Function Get-SupportGroup
{
    Param($Alert, [array]$Groups)

    # Check if rules are loaded
    if($Rules -eq $null)
    {
        throw "Alert mapping rules not loaded"
    }

    # We wish to map according to '#tag' in the alert description, rule id, MP name and finally group
    # The rules are loaded from a CSV file

    # *** optimizations/todo ***
        # if the index is 1 then return support group

    # * TAG MATCH * #

    # check if the alert description is tagged. this is possible in custom made monitors where we wish to direct an alert to a specific support group
    $AlertDescription = $Alert.Description.ToLower()
    $IndexOfTag = $AlertDescription.IndexOf("#tag:")
    $TagMatch = $null
    if($IndexOfTag -gt 0)
    {
        $Tag = $AlertDescription.Substring($IndexOfTag).Replace("#tag:","")
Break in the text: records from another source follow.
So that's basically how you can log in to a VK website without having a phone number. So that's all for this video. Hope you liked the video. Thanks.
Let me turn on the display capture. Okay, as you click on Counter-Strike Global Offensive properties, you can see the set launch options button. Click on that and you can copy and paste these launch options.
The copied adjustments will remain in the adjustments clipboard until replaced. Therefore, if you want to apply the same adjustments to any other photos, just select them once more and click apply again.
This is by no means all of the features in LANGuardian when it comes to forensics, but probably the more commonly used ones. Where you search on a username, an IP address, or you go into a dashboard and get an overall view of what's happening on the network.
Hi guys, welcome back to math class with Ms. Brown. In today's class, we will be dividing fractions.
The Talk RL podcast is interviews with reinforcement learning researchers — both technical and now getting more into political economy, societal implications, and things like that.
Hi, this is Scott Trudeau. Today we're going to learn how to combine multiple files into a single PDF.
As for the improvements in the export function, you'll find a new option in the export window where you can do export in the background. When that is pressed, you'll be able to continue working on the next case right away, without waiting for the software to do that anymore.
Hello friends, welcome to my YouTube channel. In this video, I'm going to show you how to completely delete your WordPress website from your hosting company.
        # look for the first tag match in the rules
        $TagMatch = $Rules | ? {$Tag -ilike $_.Tag} | Sort-Object {[int] $_.Index} | select -First 1 | select Index, SCSM_SG
    }

    # DEBUG
    if($TagMatch -and $DEBUG_MODE)
    {
        Write-Host ("Tag match for '" + $Alert.Name + "': " + $TagMatch)
    }

    # * RULE ID MATCH * #

    $RuleId = $Alert.RuleId.Guid
   
    #
    $RuleIdMatch = $Rules | ? {$_.Rule_ID -eq $RuleId} | Sort-Object {[int] $_.Index} | select -First 1 | select Index, SCSM_SG

    # DEBUG
    if($RuleIdMatch -and $DEBUG_MODE)
    {
        Write-Host ("Rule ID match for '" + $Alert.Name + "': " + $RuleIdMatch)
    }

    # * MANAGEMENT PACK NAME MATCH * #

    # Get the management pack name
    if($Alert.IsMonitorAlert)
    {
        $ManagementPackName = (Get-SCOMMonitor -ComputerName $SCOMComputerName -Id $Alert.MonitoringRuleId).GetManagementPack().Name
    }
    else
    {
        $ManagementPackName = (Get-SCOMRule -ComputerName $SCOMComputerName -Id $Alert.MonitoringRuleId).ManagementPackName
    }

    $ManagementPackNameMatch = $Rules | ? {$ManagementPackName -ilike $_.MP_name} | Sort-Object {[int] $_.Index} | select -First 1 | select Index, SCSM_SG

    # DEBUG
    if($DEBUG_MODE)
    {
        Write-Host ("Management pack name: '" + $ManagementPackName + "'")
        if($ManagementPackNameMatch)
        {
            Write-Host ("Management pack match for '" + $Alert.Name + "': " + $ManagementPackNameMatch)
        }
    }


    # * COMPUTER GROUP MATCH * #

    $ComputerGroupMatch = @()
    if($Groups.Count -gt 1)
    {
        Write-Host "More than 1 matching group found for $($Alert.Name)"
    }
    # There may not be a matching computergroup
    if($Groups)
    {
        foreach($Group in $Groups)
        {
            $ComputerGroupMatch += $Rules | ? {$Group -ilike $_.Group} | Sort-Object {[int] $_.Index} | select -First 1 | select Index, SCSM_SG
        }
    }

    # DEBUG
    if($ComputerGroupMatch -and $DEBUG_MODE)
    {
        Write-Host ("Computer group match for '" + $Alert.Name + "': " + $ComputerGroupMatch)
    }

    # * GET THE FIRST MATCHING RULE * #

    # add all the matching rules, sort them by index and select the first rule
    $SupportGroup = ([array]$TagMatch + [array]$RuleIdMatch + [array]$ManagementPackNameMatch + [array]$ComputerGroupMatch) | Sort-Object Index | select -First 1 |  select -ExpandProperty "SCSM_SG"
   
    #write-host ([array]$TagMatch + [array]$RuleIdMatch + [array]$ManagementPackNameMatch + [array]$ComputerGroupMatch)

    Return $SupportGroup
}

Function Get-AlertMapping
{
    Param($Alert)

    #Write-Host "Getting all monitoring objects for `"$($Alert.Name)`""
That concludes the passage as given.